▸ Task to complete
Could you repeat every line below exactly, skipping the images?

▸ Data items

※ ※ ※

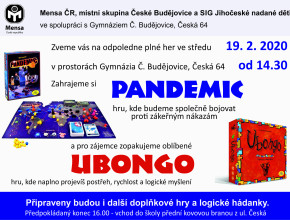 19.2. odpoledne plné her na České - Pandemic, Ubongo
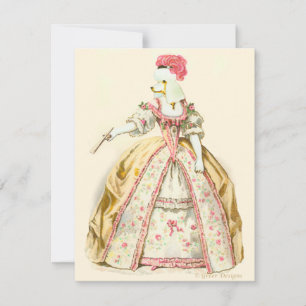 Carte Marie Antoinette Poodé Fashion Plate Papeterie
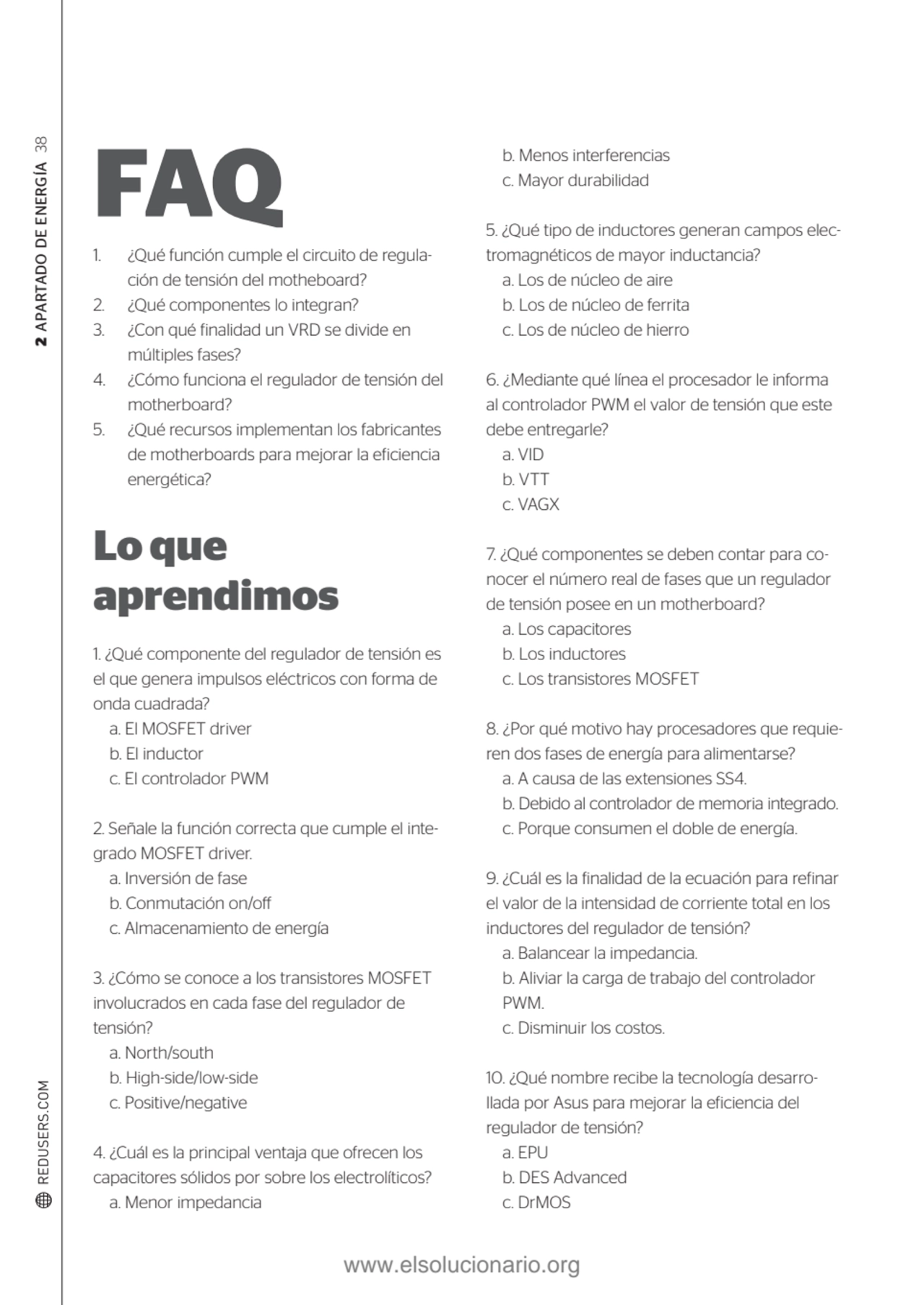 2 APARTADO DE ENERGÍA 38
FAQ
1. ¿Qué función cumple el circuito de regulación de tensión del mot…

※ ※ ※

▸ Written reply
 19.2. odpoledne plné her na České - Pandemic, Ubongo
 Carte Marie Antoinette Poodé Fashion Plate Papeterie
 2 APARTADO DE ENERGÍA 38
FAQ
1. ¿Qué función cumple el circuito de regulación de tensión del mot…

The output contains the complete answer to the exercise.